[INFORMATION SUPPLIED — start]
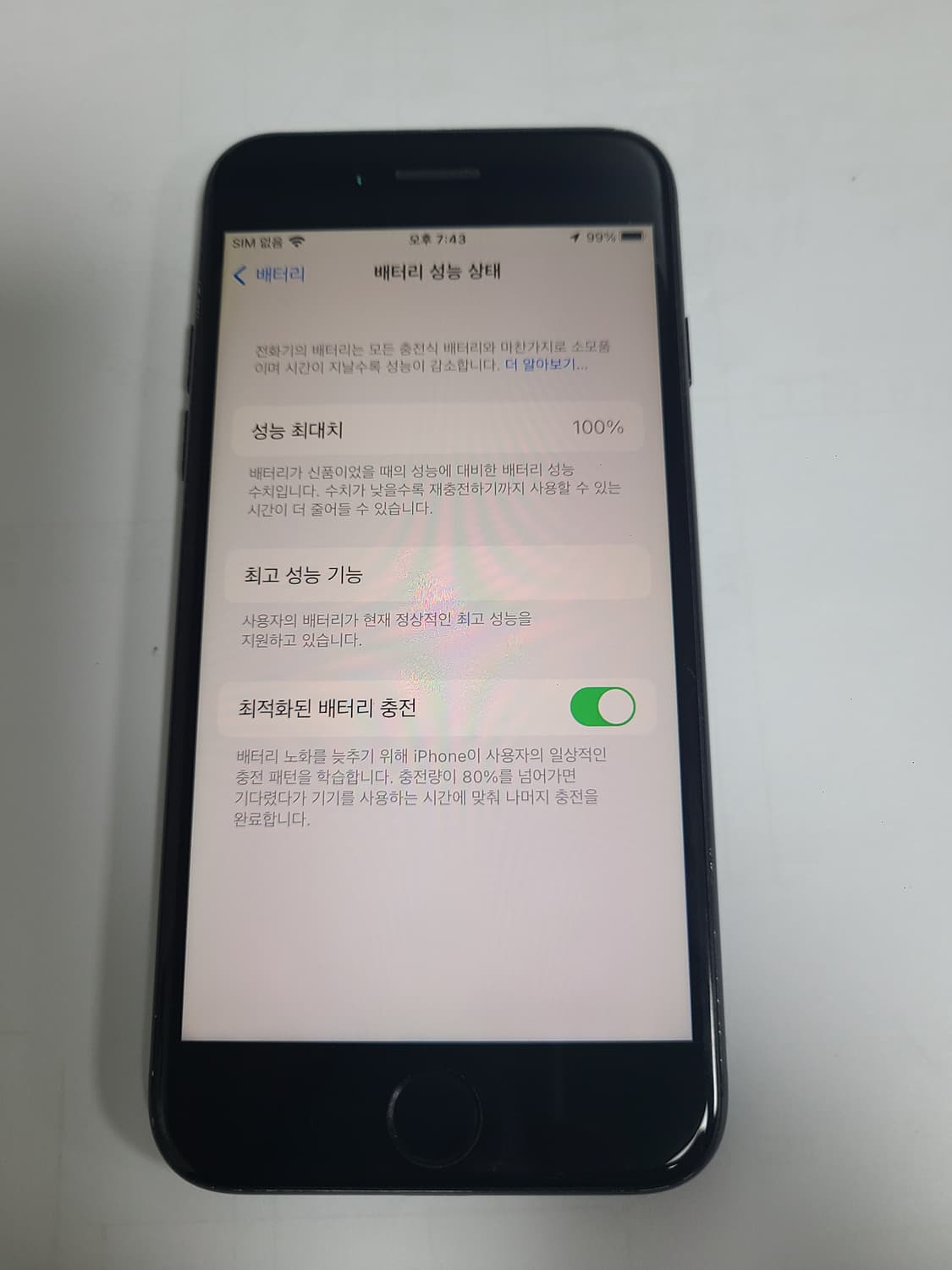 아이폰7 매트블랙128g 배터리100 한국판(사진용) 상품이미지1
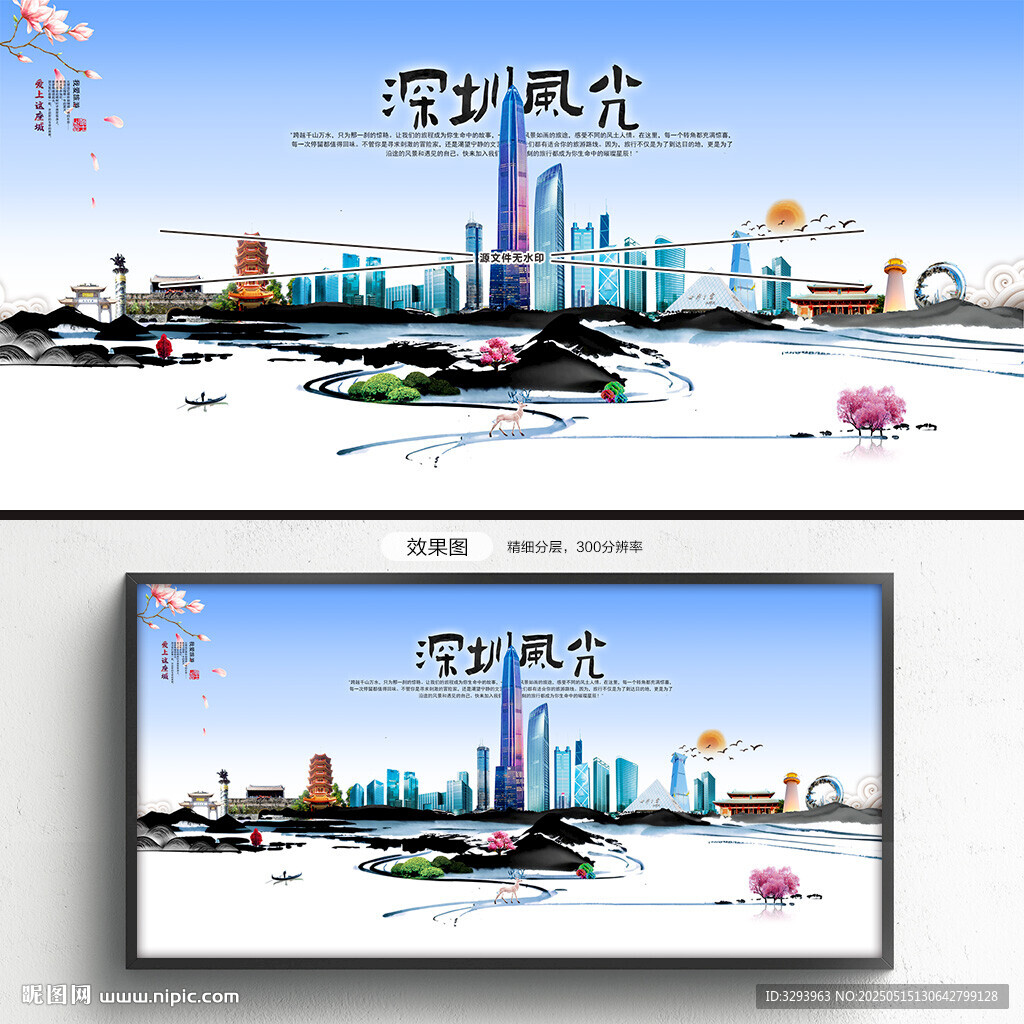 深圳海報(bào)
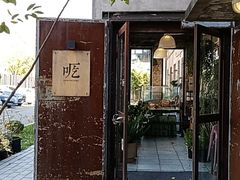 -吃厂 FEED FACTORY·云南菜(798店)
[INFORMATION SUPPLIED — finish]
Only the text of the listing above is copied, exactly as written; its pictures are dropped.

[FINISHED TASK]
 아이폰7 매트블랙128g 배터리100 한국판(사진용) 상품이미지1
 深圳海報(bào)
 -吃厂 FEED FACTORY·云南菜(798店)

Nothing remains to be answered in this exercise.